The second floor of the studio is a long-board shop, with people coming and going throughout the day to gear up for rides around on a Fayetteville hill. We sat upstairs on couches surrounded by guitars and talked confidence, artistry and inspiration.
IDLE CLASS: So, what was the decision like to abandon finance and pursue your passion full time?

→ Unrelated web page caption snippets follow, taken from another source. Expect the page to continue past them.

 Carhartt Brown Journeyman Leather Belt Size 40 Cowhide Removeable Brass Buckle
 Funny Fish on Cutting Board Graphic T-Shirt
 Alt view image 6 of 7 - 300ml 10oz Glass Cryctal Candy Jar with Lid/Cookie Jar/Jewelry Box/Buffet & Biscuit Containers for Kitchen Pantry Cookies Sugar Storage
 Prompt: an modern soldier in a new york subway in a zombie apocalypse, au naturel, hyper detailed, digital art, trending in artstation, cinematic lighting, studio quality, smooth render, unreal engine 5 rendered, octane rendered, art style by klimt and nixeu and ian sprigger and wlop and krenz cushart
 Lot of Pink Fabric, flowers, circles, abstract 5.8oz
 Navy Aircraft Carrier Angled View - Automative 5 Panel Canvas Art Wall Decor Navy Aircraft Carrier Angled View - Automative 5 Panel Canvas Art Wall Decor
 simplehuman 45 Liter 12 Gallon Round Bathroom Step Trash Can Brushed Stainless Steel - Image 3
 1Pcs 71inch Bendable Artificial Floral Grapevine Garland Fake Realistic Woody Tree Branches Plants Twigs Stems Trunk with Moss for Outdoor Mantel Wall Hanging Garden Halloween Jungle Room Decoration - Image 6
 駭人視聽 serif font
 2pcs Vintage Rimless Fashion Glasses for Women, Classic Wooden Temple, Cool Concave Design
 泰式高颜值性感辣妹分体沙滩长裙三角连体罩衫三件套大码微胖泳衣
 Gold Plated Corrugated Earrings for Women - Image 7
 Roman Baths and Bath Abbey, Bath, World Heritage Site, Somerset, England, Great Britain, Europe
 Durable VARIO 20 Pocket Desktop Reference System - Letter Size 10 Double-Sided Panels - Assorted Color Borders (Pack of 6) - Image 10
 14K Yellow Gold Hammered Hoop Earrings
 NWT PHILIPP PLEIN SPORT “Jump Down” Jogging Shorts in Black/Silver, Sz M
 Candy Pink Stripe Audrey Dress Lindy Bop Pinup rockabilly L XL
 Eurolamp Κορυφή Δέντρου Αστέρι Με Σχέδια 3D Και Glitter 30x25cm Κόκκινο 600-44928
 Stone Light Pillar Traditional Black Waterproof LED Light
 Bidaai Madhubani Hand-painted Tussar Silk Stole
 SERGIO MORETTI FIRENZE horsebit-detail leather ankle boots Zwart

Basically there was a definitive decision. I don’t know if I wanted to do this investment banking thing. For a split second, I was like, just go make a bunch of money, just do it, learn that side of the world, and then become an artist. My little brother put it to me in a very simple perspective, and said, ‘Look man, say you go do that, and you spend 85 percent of your time, and you spend 15 percent of your time, assuming you have the energy to do it, as an artist, or creating art. What are you, and what will you become?’ I was like, ‘Wow.’ That answer’s simple: I’m supposed to be an artist. That’s what I have to do, from then on out I knew that that was the direction, that no matter what happened, it was gonna work out.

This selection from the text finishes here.